At age 65 years, 38% of patients were likely to undergo surgery in their final year of life. This dropped slightly to 35% by age 80 years, after which it decreased more dramatically to 24% for patients between 80 and 90 years of age.
Regional variations did not significantly differ by patient age, even for those older than 80 years. Because this was one of the first studies of its kind, the investigators devised a measure of end of life surgical intensity (EOLSI) to compare hospital referral regions. EOLSI reflects the rate of receipt of at least one surgical procedure during the last year of life for all those who died, after adjustments for age, gender, race, and income.
The adjusted EOLSI score varied by as much as three times between the lowest intensity region, Honolulu, and the highest, Munster, Ind., again indicating a wide variation in end of life surgical care by region. Dr. Kwok and his colleagues also found high-intensity areas had almost 40% more hospital beds and significantly higher Medicare spending, compared with low intensity areas.
"Our finding that surgical intensity is related to the number of hospital beds (although not the number of surgeons) suggests that wide-ranging practice patterns could exist in intensive regions that affect other aspects of care, such as when and how aggressively to intervene at the end of a patient’s life," the authors wrote. "For clinicians, these data should prompt careful consideration of patients’ goals when assessing the need for surgical intervention at the end of life."
"Kwok and colleagues’ study shows that the provision of appropriate, preference-guided treatment for patients with serious illness is the shared responsibility of all clinicians," Dr. Kelley commented. "Surgeons, like general practitioners, are obliged to work with patients and their families to identify appropriate goals of care and recommend treatment plans that help achieve those goals."

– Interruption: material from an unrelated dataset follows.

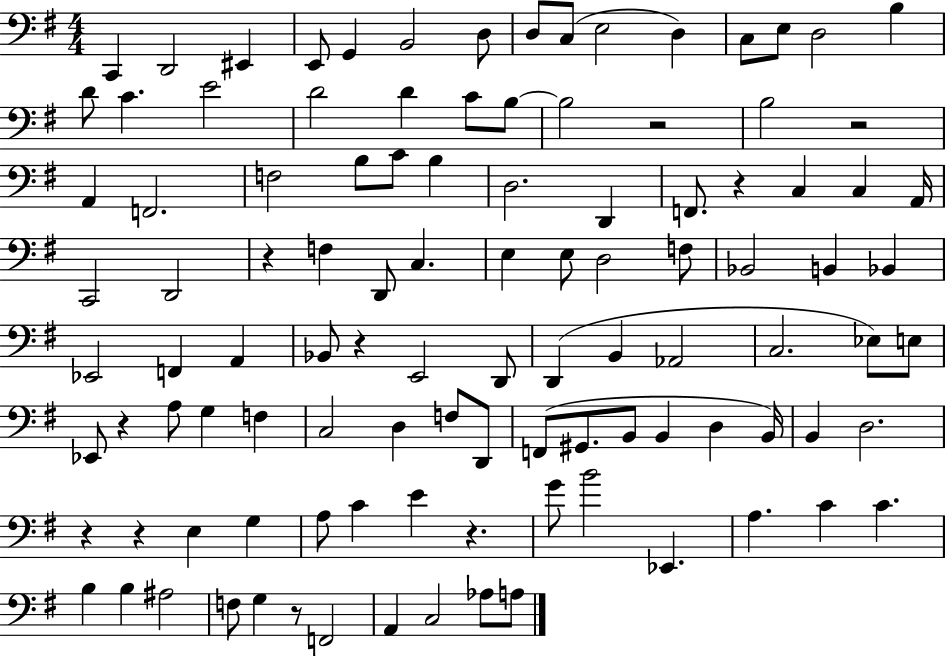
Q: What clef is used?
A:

The study did not include the approximately 44% of surgical procedures performed in outpatient settings, a potential limitation. Also, although they adjusted for risk factors for death, Dr. Kwok and his colleagues acknowledged that some comorbidities could have been caused by the surgical intervention itself.
Dr. Kelley addressed another potential limitation: "Certainly, studies relying solely on administrative and census data cannot sufficiently adjust for patients’ risk factors (i.e., health, function, and socioeconomic status), or for patients’ or families’ preferences; and studies of decedents cannot fully account for those who survived despite a high risk of mortality. Nevertheless, the consistent reproducible pattern of findings across many studies cannot be ignored. Treatments are heavily influenced by external factors (i.e., number of hospital beds per head, local practice patterns, physician supply), rather than purely what is medically appropriate for and preferred by patients. Although some might continue to critique such study methods, including those used by Kwok and colleagues, the weight of evidence supports the need for action on many levels."
There was no sponsor for this study. Dr. Kwok and his study coauthors, as well as Dr. Kelley, had no relevant financial disclosures.
FROM THE LANCET
Major Finding: 32% of elderly Medicare beneficiaries who died in 2008 underwent surgery in their final year of life.
Data Source: Retrospective, cohort study of 1.8 million Medicare beneficiaries ages 65 and older who died in 2008.
Disclosures: The study authors and Dr. Amy S. Kelley had no relevant disclosures.